I coloni, in prevalenza provenienti dagli insediamenti di Elon Moreh e Itamar, roccaforti nel nazionalismo religioso più estremo, affermano di voler soltanto visitare Khirbet al Arma, la biblica Aruma, località citata nel Libro dei Giudici, dove si sarebbe stabilito Abimelec. Non ci credono gli abitanti di Beita – villaggio divenuto noto durante prima Intifada palestinese contro l’occupazione (1987-1993) -, che temono una manovra volta a portare caravan e container sul Jabal al Arma  in modo da dare vita all’ennesimo avamposto coloniale che sarà poi riconosciuto dal governo israeliano. E sono convinti che ad incoraggiare i coloni sia stato il Piano Trump (Accordo del secolo), annunciato dagli Usa il 28 gennaio, che apre la strada all’annessione unilaterale a Israele della Valle del Giordano e delle ampie porzioni di Cisgiordania dove sono situate le colonie.

 

Anche il segretario generale dell’Olp Saeb Erekat, ieri ha fatto riferimento al Piano Trump quando ha denunciato la costruzione, approvata dal ministro della difesa israeliano Naftali Bennett, della «strada sovrana» che permetterà ad Israele di edificare anche nella area strategica E1, tra Gerusalemme e l’insediamento coloniale di Maale Adumin ad est della città.  «Siamo all’inizio dell’attuazione del piano di annessione e di apartheid», ha protestato Erekat. «Inizia sempre così, con la costruzione di strade. Ci sono già tante strade in Cisgiordania che i palestinesi non possono usare», ha ricordato.

 

La «strada sovrana» è uno sviluppo della tangenziale aperta da Israele poco più di un anno fa intorno a Gerusalemme che, con un muro alto diversi metri, divide gli automobilisti israeliani da quelli palestinesi.

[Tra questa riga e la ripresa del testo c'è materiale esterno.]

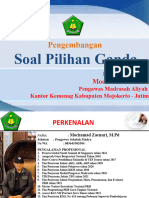 Penulisan Soal PG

Questi ultimi alle varie uscite della tangenziale sono indirizzati solo verso la Cisgiordania e per entrare a Gerusalemme, come fanno senza problemi i coloni, devono transitare per posti di blocco presidiati da polizia ed esercito di Israele ed esibire un permesso delle autorità per entrare nella città. I palestinesi la chiamano la «strada dell’apartheid». La nuova strada porta i veicoli palestinesi in una sorta di tunnel, lungo un muro, tra i villaggi a sud e a nord di Gerusalemme, tenendoli ben separati da quelli israeliani. Per Bennett la strada servirà a «prevenire attriti» tra i palestinesi e i coloni (illegali in Cisgiordania secondo le leggi internazionali). La strada isolerà e separerà la città santa dai villaggi palestinesi che la circondano e contribuirà a chiudere la porta alla creazione di uno Stato palestinese territorialmente omogeneo, con Gerusalemme Est come capitale.